How to handle crash ( due to any reason ) during delta table merge on the target delta table ? Will it creates duplicate records if i re-ran partial failed (crash) merge command on the same target delta table but source delta table ( (some records have been updated or inserted) ) gets updated each time.
Assume the following scenario : (Note: Each record contains the primary key based on which merge is performed.)
In Run-1, we have source S1 with 10 records ( 5- update , 5- insert ) and Target with 100 records after merge, target delta table will contain 105 records.
In Run-2, we have source S2 with 5 records ( 2-update , 3- insert) and Target delta table with 105 records and merge have failed after writing partially ( 2 records have been inserted and 1 record have been updated ).
As above Run-2 have failed, we re-ran the job again.

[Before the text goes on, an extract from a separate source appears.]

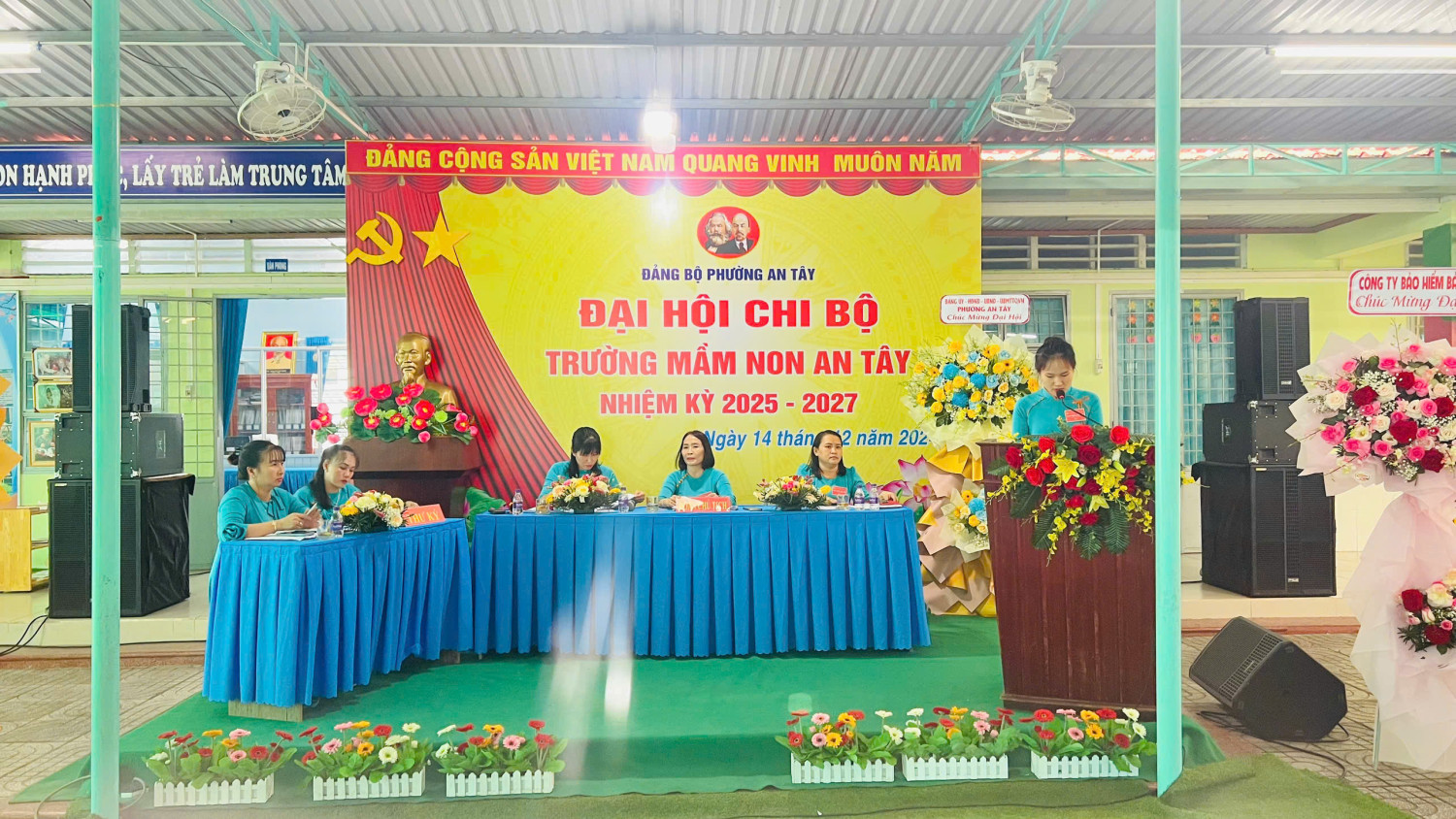 ban kiểm phiếu thông qua nội quy bầu cử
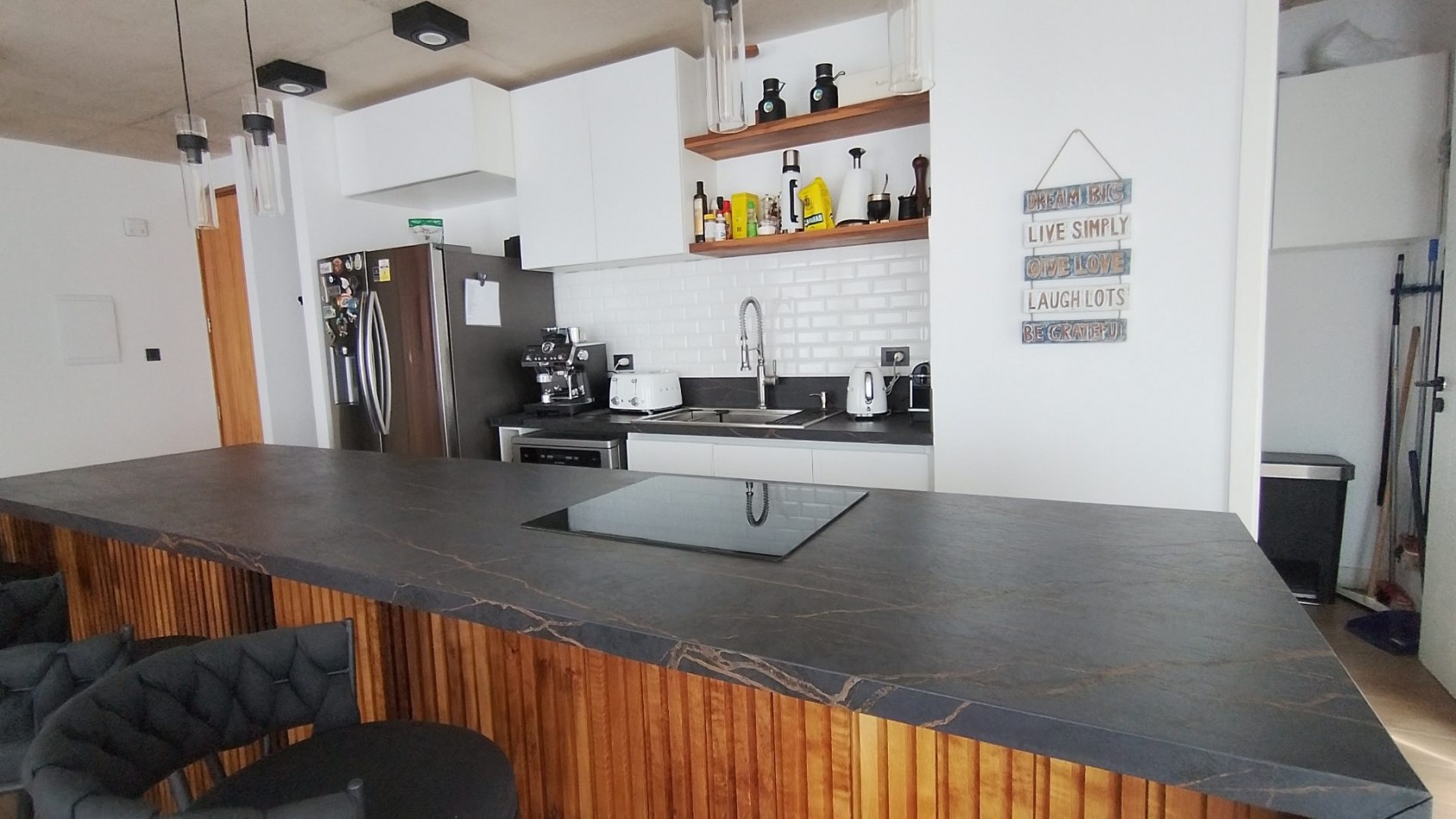 Alquier temporario. DEPARTAMENTO PREMIUM The Kalem 2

But this time S2 (source delta table got updated) will contain 7 records ( 3-update,4-insert) which includes the previous 5 records (2- update , 3- insert) + current 2 records ( 1 -update, 1- insert ) .
Note : In re-ran of Run-2 , all 7 records are unique.
So if perform merge again on the target delta table, will it insert the already inserted records and create duplicates ?
Note : Currently txnVersion & txnAppId is supported for overwrite, append , streaming merge.
Version :
delta version : 2.3.0
spark version : 3.3.2
hadoop version : 3.3
Any help on the above issue ?